Rapsody – Crown

Voto: 4 +

Una vera e propria first lady del Rap è qualcosa che non si è visto per anni. Quanti saranno stati? Una ventina? Più o meno sì. Con Bahamadia fuori dai giochi e Jean Grae che non ha mai sganciato il classico (e mai è riuscita a brillare nello stesso modo in tutte le bande dello spettro hh), probabilmente bisogna tornare ai tempi di “The Miseducation Of Lauryn Hill” per trovare l’ultima vera ghetto queen a trecentosessanta gradi. Una reggenza, tuttavia, nata e morta con quel disco; profetico figlio unico in una discografia solista soffocata dalle pressioni di fama e pecunia (<<it’s funny how money change a situation>>, cit.).

In sordina, però, dal 2011 un nome che gradualmente ha saputo risalire le gerarchie fin quasi alla vetta e sul quale nientepopodimenoche 9th Wonder ha puntato tutto c’è, ed è quello di Rapsody. Una femcee, per usare un orrendo neologismo, che si distingue da numerose sue colleghe rappando come se avesse le palle e non (perdonate la volgarità) il c***o; e che così si è guadagnata un rispetto trasversale, dal fango dei marciapiedi di Snow Hill agli uffici della Roc Nation, all’interno di un ecosistema musicale che, storia alla mano, delle quote rosa non ha mai fatto segreto di fregarsene.
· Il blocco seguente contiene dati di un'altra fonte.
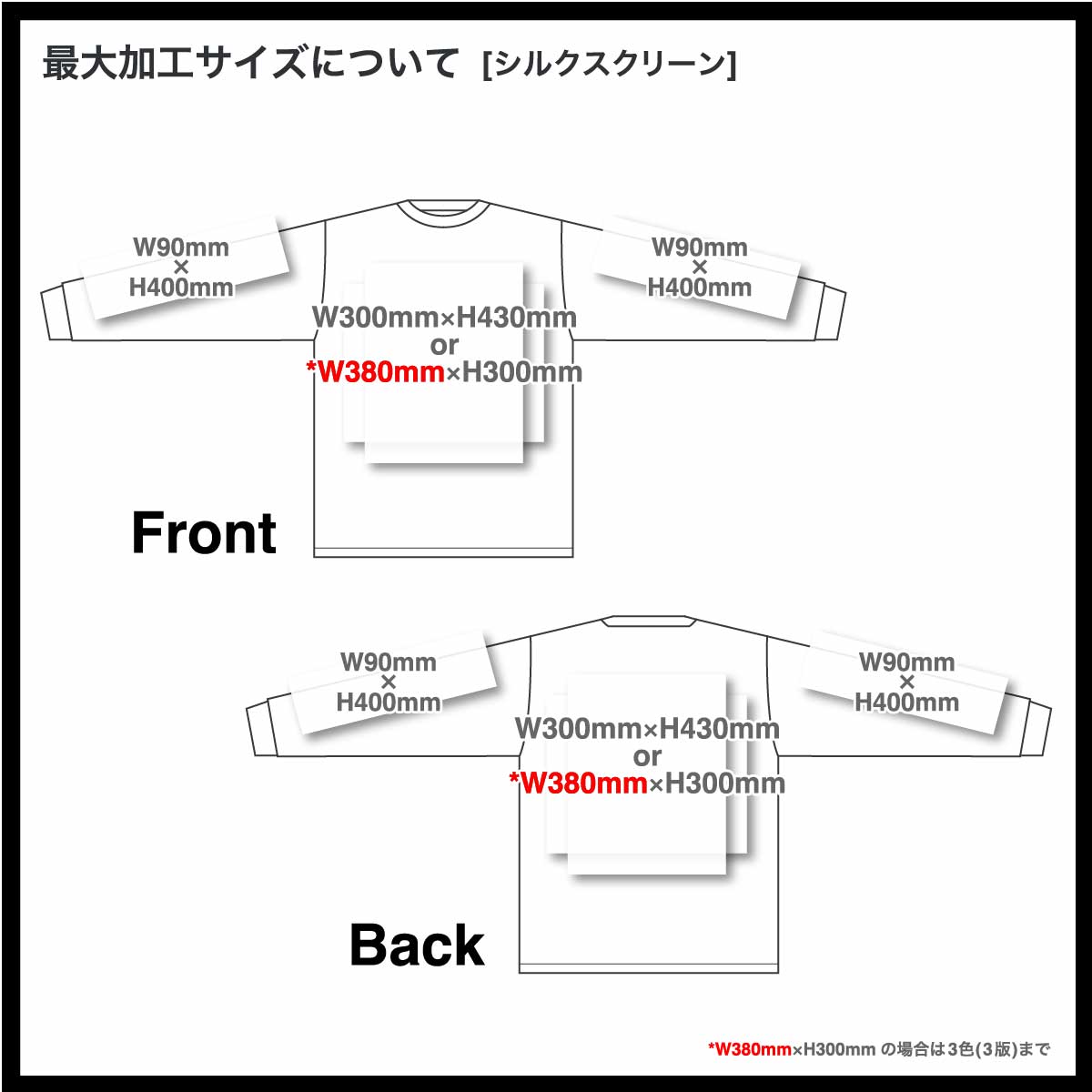United Athle ユナイテッドアスレ 4.4 oz ドライスムース リサイクルポリエステル ロングスリーブ Tシャツ (品番5709-01)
E Rapsody questo lo sa bene, tanto che è lei stessa a dirlo (<<there’s no debating, my rating should be up there with Lauryn’s>>) dopo aver seminato il panico sulla triplice offerta musicale di “2 AM”, impreziosita dagli incastri al quarzo di Ab-Soul, suo complice di lunga data. La costruzione testuale è mutevole, disegnata per potersi adeguare al meglio alle texture dei tappeti intessuti da 9th Wonder e Khrysis; l’incedere, compassato ed elegante, sulle ritmiche iniziali permette al beat di respirare e lascia che sia la mente dell’ascoltatore a riempire in anticipo gli spazi vuoti. Una fase di riscaldamento che si conclude in apertura di terza strofa dove, colpo su colpo, la frequenza di sillabe al minuto s’impenna e ad ogni rima chiusa si materializzano almeno un paio di interpretazioni diverse (<<I know the pressure gon’ bust more than water columns/y’all blow pipes like Whitney out this motherfucker>>). Un K.O. tecnico. Il boom bap crepuscolare che accompagna la strofa finale è solo la passerella percorsa, con il pugno rivolto al cielo, da chi sa di aver già portato a casa l’incontro.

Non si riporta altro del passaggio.